The test suite is layered to match the test pyramid:

- **Unit tests** live next to each module (bit reader and writer round trips,
  CRC vectors, MD5 vectors, individual subframe error branches).
- **Round-trip and property tests** assert the lossless and determinism
  invariants across many channel counts, bit depths, lengths, and signal
  shapes, with a zero-dependency generator.
- **Real-world tests** decode committed fixtures produced by the reference
  encoder (bit depths 8 to 24, one to eight channels, rates to 192 kHz, streams
  with padding, seek tables, comments, and pictures), and re-encode their
  samples.
- **Ogg tests** (`tests/ogg.rs`) decode a real `flac --ogg` fixture bit-exact
  and round-trip the crate's own `encode_ogg` across bit depths, channel counts,
  and stream lengths that span many pages.
- **Adversarial tests** throw millions of random and bit-flipped bytes at the
  decoder, including Ogg-marked and truncated/bit-flipped `.oga` input, and
  assert it never panics.
- **Security regression tests** (`tests/security.rs`) pin the resource-cap and
  crash-safety guarantees with hand-crafted hostile streams.

An optional heavy run decodes a local corpus of real `.flac` files when
`FLAC_IO_CORPUS` points at a directory; it is ignored by default.

## Design decisions worth knowing

- **Pure Rust, no `unsafe`.** The crate is meant to decode untrusted input, so
  memory safety is not negotiable. `#![forbid(unsafe_code)]` makes that a
  compile-time guarantee rather than a promise.
- **The MD5 is the correctness oracle.** Rather than trust the decode path, the
  decoder proves it against the stored digest.

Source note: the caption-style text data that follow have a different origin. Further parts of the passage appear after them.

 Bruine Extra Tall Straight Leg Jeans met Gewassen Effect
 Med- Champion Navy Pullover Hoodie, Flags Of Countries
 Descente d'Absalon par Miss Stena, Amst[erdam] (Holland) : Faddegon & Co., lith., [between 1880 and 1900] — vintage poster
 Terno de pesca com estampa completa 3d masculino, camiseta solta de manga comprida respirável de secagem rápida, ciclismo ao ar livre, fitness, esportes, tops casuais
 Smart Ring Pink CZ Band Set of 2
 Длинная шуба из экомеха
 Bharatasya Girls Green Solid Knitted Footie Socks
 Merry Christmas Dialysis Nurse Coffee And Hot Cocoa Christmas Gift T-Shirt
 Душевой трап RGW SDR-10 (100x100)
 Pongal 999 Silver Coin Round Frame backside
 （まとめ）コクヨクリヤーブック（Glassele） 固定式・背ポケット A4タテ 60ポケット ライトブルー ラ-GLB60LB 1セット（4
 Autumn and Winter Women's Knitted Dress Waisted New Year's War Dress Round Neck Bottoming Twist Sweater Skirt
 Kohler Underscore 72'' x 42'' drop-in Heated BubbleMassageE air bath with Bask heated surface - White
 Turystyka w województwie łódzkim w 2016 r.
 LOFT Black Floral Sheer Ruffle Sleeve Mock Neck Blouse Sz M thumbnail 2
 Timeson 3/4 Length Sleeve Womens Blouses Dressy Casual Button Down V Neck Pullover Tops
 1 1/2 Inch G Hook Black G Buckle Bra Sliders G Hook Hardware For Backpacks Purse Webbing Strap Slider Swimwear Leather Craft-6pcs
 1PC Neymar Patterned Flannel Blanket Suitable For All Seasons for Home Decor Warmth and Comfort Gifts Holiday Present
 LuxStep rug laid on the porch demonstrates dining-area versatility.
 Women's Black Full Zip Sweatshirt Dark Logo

This is why the predictor maths
  can safely use wrapping arithmetic: any wrong result is caught.
- **Encoder favours reproducibility over ratio.** A byte-stable encoder is far
  more useful for the crate's purpose (watermarking, forensic comparison) than
  one that squeezes out the last few percent, so the encoder is deterministic by
  construction and leaves higher compression to future work.
- **Public samples are `i32`, decode works in `i64`.** The `i32` output is the
  natural fit for FLAC's 4-to-32-bit depths and keeps the public type simple.
  Internally the decoder carries each subframe as `i64` until the inter-channel
  transform is undone, because a side channel of a 32-bit stream needs 33 bits.
  Once the transform is undone every channel fits back into 32 bits, so the
  narrowing cast to `i32` is lossless for any valid stream (and any stream where
  it would not be is caught by the MD5 check). This keeps full 32-bit support,
  side transforms included, without widening the public type.